Your task: The entries shown here must be retyped in full, with no pictures included.

Supplied data:
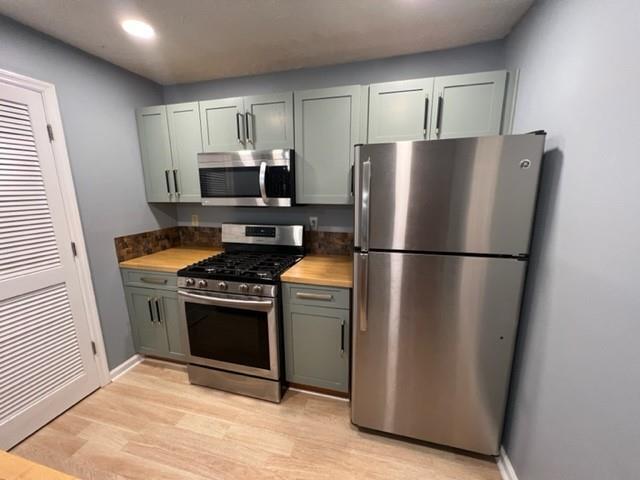 Foto del edificio - 2202 River Heights Ct SE
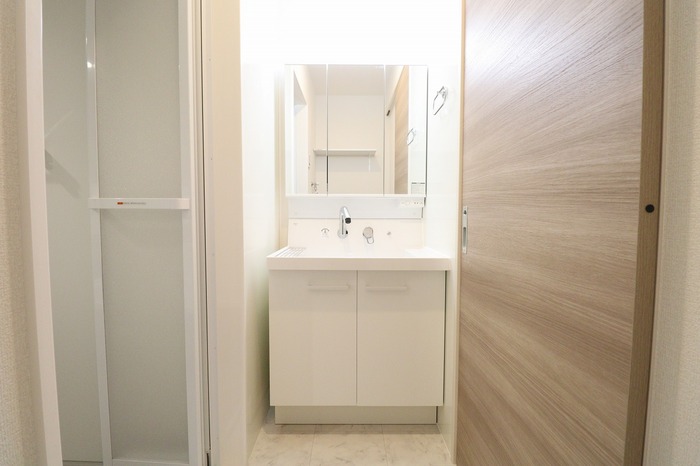 洗面設備　三面鏡付き洗面化粧台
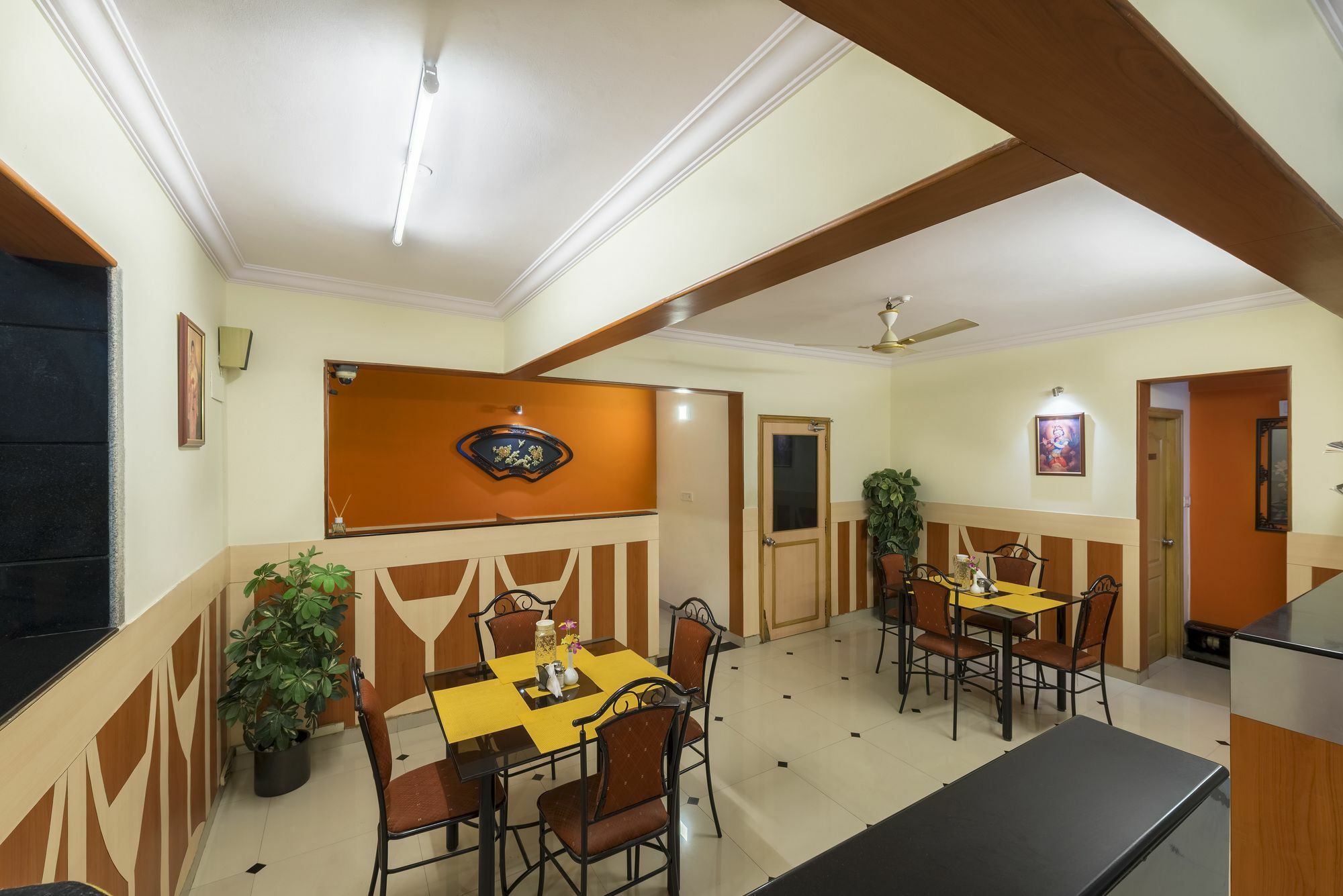 Hotel Raj Comforts -Golf View Бангалор Екстериор снимка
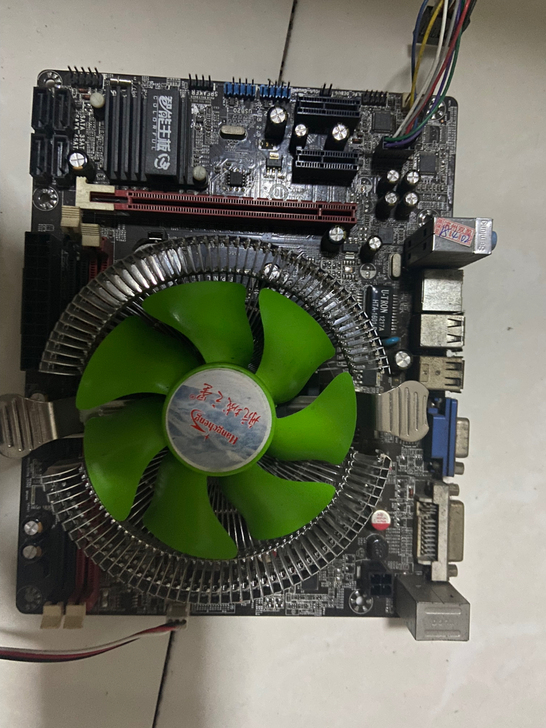 七彩虹h61加i3 2100 加cpu散热...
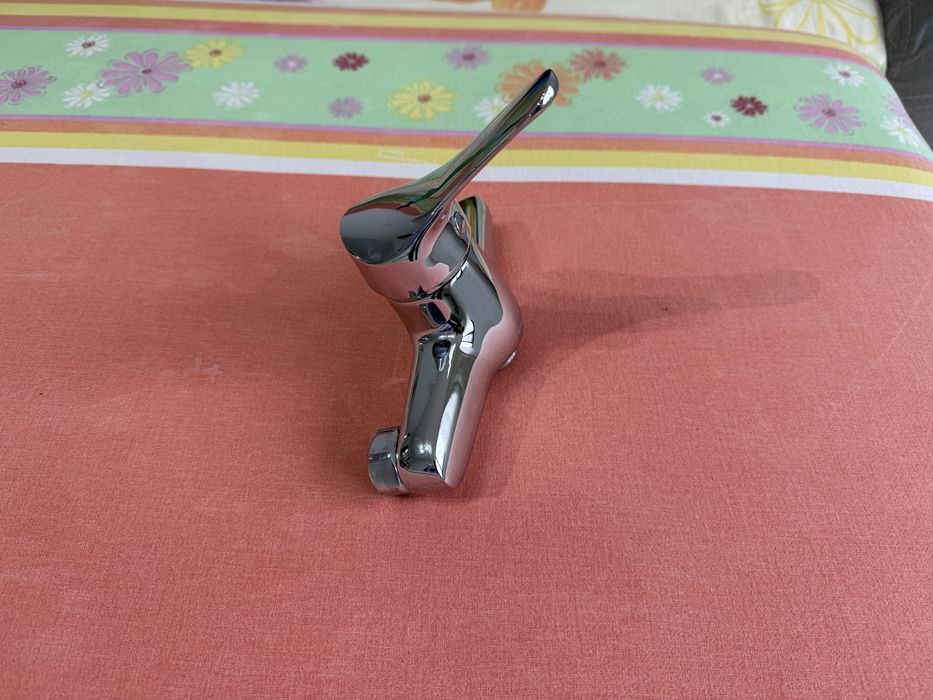 Продавам стенен кухненски смесител Camarque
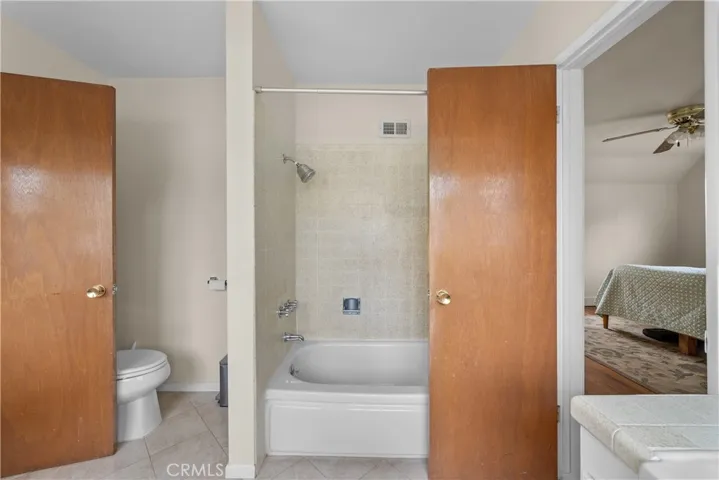 9830 Oakdale Ave, Chatsworth, California 91311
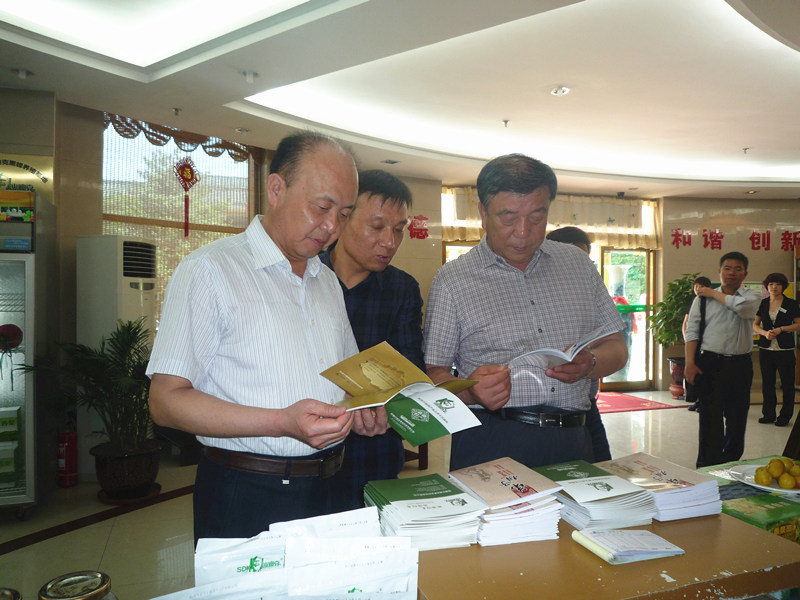 新疆商务厅党组书记夏广泰、副厅长李建杰一行到我沙迪克公司调研考察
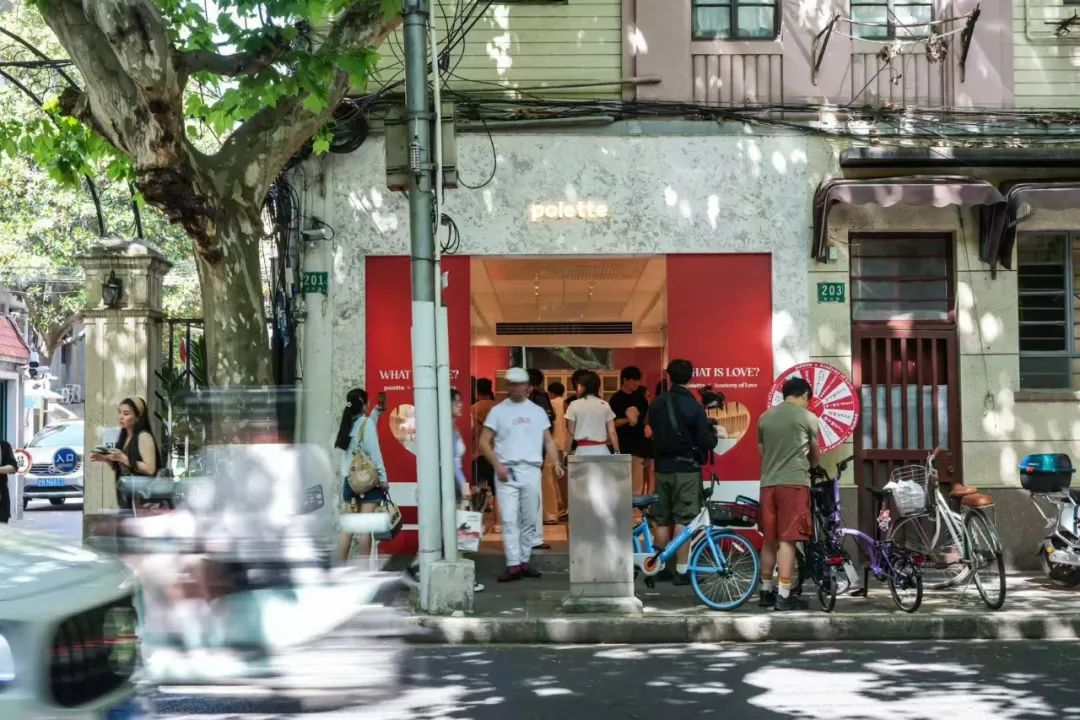 我朋友代理了一个巴黎潮牌眼镜品牌，在上海开了国内首店。  那时候，我正好在读两本书《潮牌之路》《卖什么都是卖体验》，就边看书边结合实际案例思考，如果我是她，代理这么一个巴黎潮牌眼镜品牌，如何一步步在国内打造品牌，形成裂变。  我朋友本身有成熟的商业思路，如今把这个品牌经营的有声有色，我随时翻到小红书的KOL视频里都能看见她的眼镜店的身影，又上了央视新闻作为国内首店的代表之一，又很快的马不停蹄的准备在淮海路开第二家店了。  我是无意间翻到之前的读书笔记，梳理一下当时的思考，发现她做的简直太棒了。  1. 新生代消费者参与品牌塑造的积极性日益高涨，让消费者参与品牌塑造，培养和激励他们的分享欲望。  2. 宣扬一种理念，眼镜也是服饰的一部分，潮人不只要不撞衫，也要不撞眼镜。  3. 征集摄影作品，佩戴该品牌的眼镜拍摄有风格的照片，可以接受投稿后，在官方的小红书账号上进行发布。  4. 塑造和定位品牌形象，和目标消费者的个人形象进行关联，定位潮牌、时尚、年轻，邀请设计师们做KOL代言，强化标签。  5. 通过宣传，邀请目标消费者不只是单独来购物，而是姐妹们一起，将一些有相似度的又有点不同的款式进行捆绑，形成闺蜜联合款，好基友款。是好闺蜜就戴一个品牌的眼镜一起出街。  6. 眼镜是易耗品，而不是通常来说一副眼镜戴好多年直到镜架变形了才换。  7. 打造品牌社群，在社群中通过艺术分享等方式，巩固品牌的艺术调性，吸引爱艺术的人们关注和加入社群。  8. 作为国内首店，让前期的顾客能够作为新生事物尝鲜者，心生自豪感。  9. 发展一些品牌衍生品，小礼物，促进消费和传播。  10. 只有价值定位清晰的产品，结合适当的品牌包装，才能长久赢得客户。  品牌战略  1. 刚开始注重，“为何用户选择我”，然后思考“怎样满足消费者需求”，而不仅仅关注产品本身，最后着手打造“什么样”的品牌。  2. 品牌和用户之间要有通畅、深入的沟通渠道，比如小红书？能够及时接收到客户的反馈和需求。  3. 宣传公司的品牌故事，使大众产品成为一个内涵丰富的品牌。  4. 采访顾客，征集他们与品牌产品之间的故事，可以在店内设置照片墙，以及将小红书为虚拟空间设立线上的故事墙和照片墙。打造出“戴这个品牌的眼镜的用户都是一群富有创意而且非常有趣的人”  5. 你不必自己推广产品，你只需要编写一些故事，让大家乐于口口相传，互相分享。  6. 眼镜引申出“看世界”“看人”“走出去”“眼睛的交流”“透过眼镜看到美”等立意  7. 独特的故事主张，创作品牌暖情小故事，就像当初的益达口香糖广告系列，比如一些偶遇、爱情、相约、温情、偶像剧连续剧短剧进行传播。  8. 定制印有眼镜的T恤  9. 反复讲好品牌故事，让大家形成一致看法，他们会自发的宣传你的品牌。  10. 想一句口号。  11. 推出一些新款的样片，邀请大家免费试戴一周? 要求是需要朋友圈发照片。  12. 狂热？执着？信念？大胆？真诚？表达？活力？思考如何让品牌与这些相关联。  13. 公益行为。比如，送眼镜给一些非目标客群，他们没有能力得到适合的眼镜，然后讲这些公益行为记录，传播，在店里照片墙展示等。制定切实可行的公益营销战略，必须建立与目标受众产生情感共鸣的纽带。比如，如今的快递小哥群体，大厂失业群体等。让客户和社会公众觉得你的公益行为真实可靠且可持续发展。  14. 产地比产品更重要。比如，强调品牌来自巴黎。  15. 注重客户体验，比如，快递眼镜的时候，店长手写的卡片，祝福，以及包装盒的设计感等。  16. 店里放拍立得。邀请顾客买完就拍照留念，在店里留下靓影。  17.对于进店后没有购买的顾客，留下他们的需求，希望的款式和使用场景，下次上新品的时候可以及时告诉他们。  18. 分销，带客，裂变。  19.个别款式做到稀缺性，独一无二。  20.上新款的时候，第一个购买的顾客有命名权，可以在官方小红书账号上官宣。  21. 多为顾客定制产品或者定制服务。  22. 先将店长和店员的认识的朋友建个品牌初始群，然后邀请每个朋友拉5个新朋友入群，每增加50或者100个时候，开始抽奖，送一副眼镜。中奖的要离开群，但是要再5个或者10个进群。  23. 每个到店领眼镜奖品的人必须带一个朋友来。  24. 发动大家一起出点子。  图片来源：品牌主理人Michelle Ye
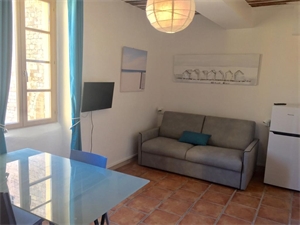 studio à la location -   83400  HYERES, surface 19 m2 location studio - UBI478442657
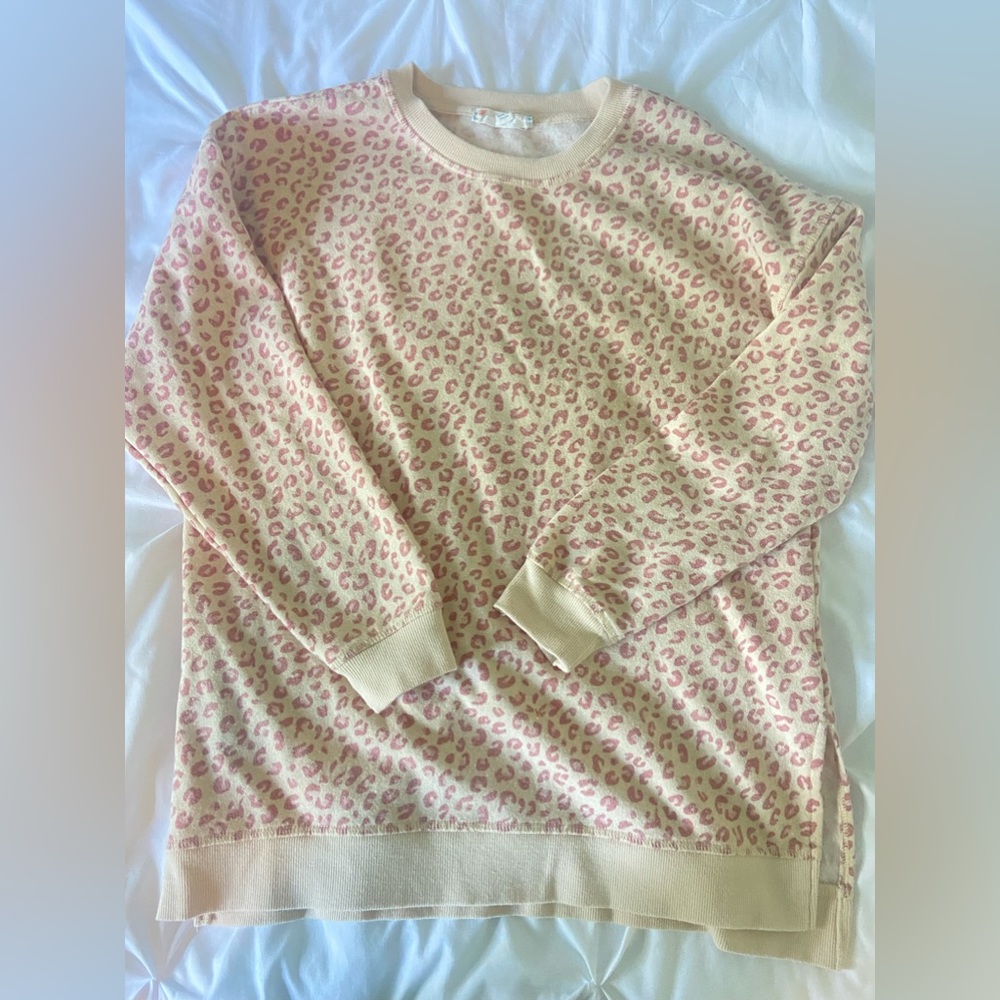 pink cheetah/leopard long sleeve ˚ʚ♡ɞ˚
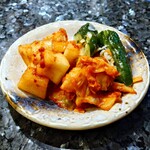 匠苑にくいち - キムチ盛り合わせ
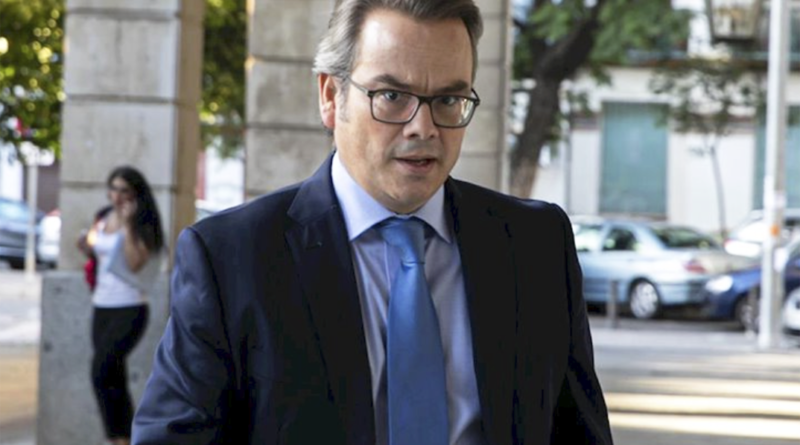 El juez Vilaplana llegando a los juzgados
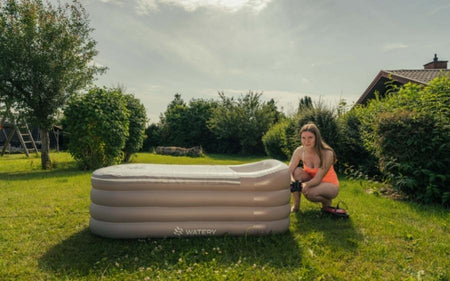 Inflatable bathtub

Solution for this exercise:
 Foto del edificio - 2202 River Heights Ct SE
 洗面設備　三面鏡付き洗面化粧台
 Hotel Raj Comforts -Golf View Бангалор Екстериор снимка
 七彩虹h61加i3 2100 加cpu散热...
 Продавам стенен кухненски смесител Camarque
 9830 Oakdale Ave, Chatsworth, California 91311
 新疆商务厅党组书记夏广泰、副厅长李建杰一行到我沙迪克公司调研考察
 我朋友代理了一个巴黎潮牌眼镜品牌，在上海开了国内首店。  那时候，我正好在读两本书《潮牌之路》《卖什么都是卖体验》，就边看书边结合实际案例思考，如果我是她，代理这么一个巴黎潮牌眼镜品牌，如何一步步在国内打造品牌，形成裂变。  我朋友本身有成熟的商业思路，如今把这个品牌经营的有声有色，我随时翻到小红书的KOL视频里都能看见她的眼镜店的身影，又上了央视新闻作为国内首店的代表之一，又很快的马不停蹄的准备在淮海路开第二家店了。  我是无意间翻到之前的读书笔记，梳理一下当时的思考，发现她做的简直太棒了。  1. 新生代消费者参与品牌塑造的积极性日益高涨，让消费者参与品牌塑造，培养和激励他们的分享欲望。  2. 宣扬一种理念，眼镜也是服饰的一部分，潮人不只要不撞衫，也要不撞眼镜。  3. 征集摄影作品，佩戴该品牌的眼镜拍摄有风格的照片，可以接受投稿后，在官方的小红书账号上进行发布。  4. 塑造和定位品牌形象，和目标消费者的个人形象进行关联，定位潮牌、时尚、年轻，邀请设计师们做KOL代言，强化标签。  5. 通过宣传，邀请目标消费者不只是单独来购物，而是姐妹们一起，将一些有相似度的又有点不同的款式进行捆绑，形成闺蜜联合款，好基友款。是好闺蜜就戴一个品牌的眼镜一起出街。  6. 眼镜是易耗品，而不是通常来说一副眼镜戴好多年直到镜架变形了才换。  7. 打造品牌社群，在社群中通过艺术分享等方式，巩固品牌的艺术调性，吸引爱艺术的人们关注和加入社群。  8. 作为国内首店，让前期的顾客能够作为新生事物尝鲜者，心生自豪感。  9. 发展一些品牌衍生品，小礼物，促进消费和传播。  10. 只有价值定位清晰的产品，结合适当的品牌包装，才能长久赢得客户。  品牌战略  1. 刚开始注重，“为何用户选择我”，然后思考“怎样满足消费者需求”，而不仅仅关注产品本身，最后着手打造“什么样”的品牌。  2. 品牌和用户之间要有通畅、深入的沟通渠道，比如小红书？能够及时接收到客户的反馈和需求。  3. 宣传公司的品牌故事，使大众产品成为一个内涵丰富的品牌。  4. 采访顾客，征集他们与品牌产品之间的故事，可以在店内设置照片墙，以及将小红书为虚拟空间设立线上的故事墙和照片墙。打造出“戴这个品牌的眼镜的用户都是一群富有创意而且非常有趣的人”  5. 你不必自己推广产品，你只需要编写一些故事，让大家乐于口口相传，互相分享。  6. 眼镜引申出“看世界”“看人”“走出去”“眼睛的交流”“透过眼镜看到美”等立意  7. 独特的故事主张，创作品牌暖情小故事，就像当初的益达口香糖广告系列，比如一些偶遇、爱情、相约、温情、偶像剧连续剧短剧进行传播。  8. 定制印有眼镜的T恤  9. 反复讲好品牌故事，让大家形成一致看法，他们会自发的宣传你的品牌。  10. 想一句口号。  11. 推出一些新款的样片，邀请大家免费试戴一周? 要求是需要朋友圈发照片。  12. 狂热？执着？信念？大胆？真诚？表达？活力？思考如何让品牌与这些相关联。  13. 公益行为。比如，送眼镜给一些非目标客群，他们没有能力得到适合的眼镜，然后讲这些公益行为记录，传播，在店里照片墙展示等。制定切实可行的公益营销战略，必须建立与目标受众产生情感共鸣的纽带。比如，如今的快递小哥群体，大厂失业群体等。让客户和社会公众觉得你的公益行为真实可靠且可持续发展。  14. 产地比产品更重要。比如，强调品牌来自巴黎。  15. 注重客户体验，比如，快递眼镜的时候，店长手写的卡片，祝福，以及包装盒的设计感等。  16. 店里放拍立得。邀请顾客买完就拍照留念，在店里留下靓影。  17.对于进店后没有购买的顾客，留下他们的需求，希望的款式和使用场景，下次上新品的时候可以及时告诉他们。  18. 分销，带客，裂变。  19.个别款式做到稀缺性，独一无二。  20.上新款的时候，第一个购买的顾客有命名权，可以在官方小红书账号上官宣。  21. 多为顾客定制产品或者定制服务。  22. 先将店长和店员的认识的朋友建个品牌初始群，然后邀请每个朋友拉5个新朋友入群，每增加50或者100个时候，开始抽奖，送一副眼镜。中奖的要离开群，但是要再5个或者10个进群。  23. 每个到店领眼镜奖品的人必须带一个朋友来。  24. 发动大家一起出点子。  图片来源：品牌主理人Michelle Ye
 studio à la location -   83400  HYERES, surface 19 m2 location studio - UBI478442657
 pink cheetah/leopard long sleeve ˚ʚ♡ɞ˚
 匠苑にくいち - キムチ盛り合わせ
 El juez Vilaplana llegando a los juzgados
 Inflatable bathtub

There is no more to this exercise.